# ALots of help fast



## mika (Dec 11, 2007)

I guess i'll start from the beginning. My husband and I have been together for about 5 years but married only a very long 9 months. Things was great before we got married but we still had our problems as every relationship does. Things change when I became pregnant with our son. He's a great father. he went to every Dr. appointmant but our relationship started to chenge. Mainly our sex life went from off the wall beyond great to sex what is it. 

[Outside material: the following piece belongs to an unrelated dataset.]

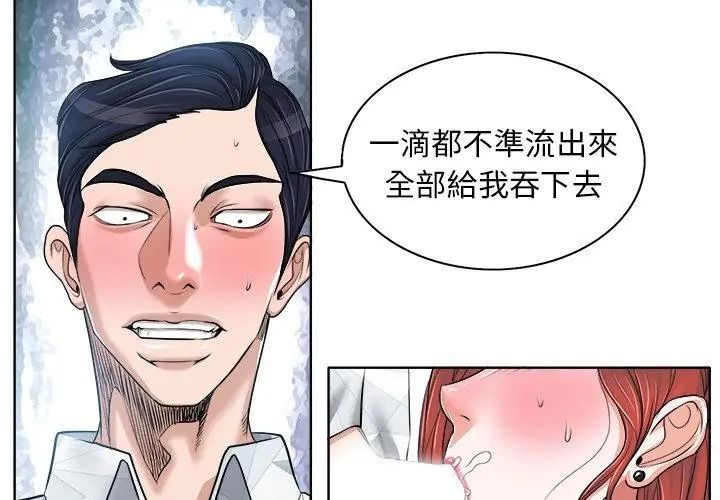 小心不要爱上你第17話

We got married when our son was about 6 months. Things during that time was not great but who has a prefect relationship. After being married for 3 months I became pregnant again and due to complications in the beginning I had to stop working for a while. (I just started a new job and was in a trainning program and couldn't be out for long periods of time) 

Since I haven't been working it's like my opinion doesn't count, of course like all men he doesn't listen to anything I have to say and keeps throwing the fact that i'm not working in my face like I enjoy being a stay at home mom with no money and a child all day. (I NEED ADULT CONVERSATION TOO)

We talked about our problems and he told he wasn't happy which hurt even more than anything being about 5 months pregnant with our second child. I have so many feelings about this and no one to turn to or even know what to do. He doesn't want to leave me because I have no job and no where to go so it's like were roomates that share a bed and believe thats all we been doing for about 3 months was share a bed. 

Please someone tell me what should I do? Where should I start? we all ready talked to each other and I know he doesn't want to be with me any more but only staying because i'm pregnant with another one of his kids without a job and no where to go.

Please help


----------



## draconis (Oct 3, 2007)

Well look at the alternatives. My wife and I are both busy outside of the house with work and/or schooling. But We never use a baby sitter. I do most of the house work and child care. The question is if you took a second or third shift job would he be willing to care for your child and help more around the house?

Then the two of you would again be on equal footing. Many men feel burned by the fact that women want to be more then equal. They can work OR stay home. Man almost never have this choice. They get use to the idea that it takes two paychecks to bring home the bacon but if the wife isn't or doesn't work THEY have to double time to pick up the slack.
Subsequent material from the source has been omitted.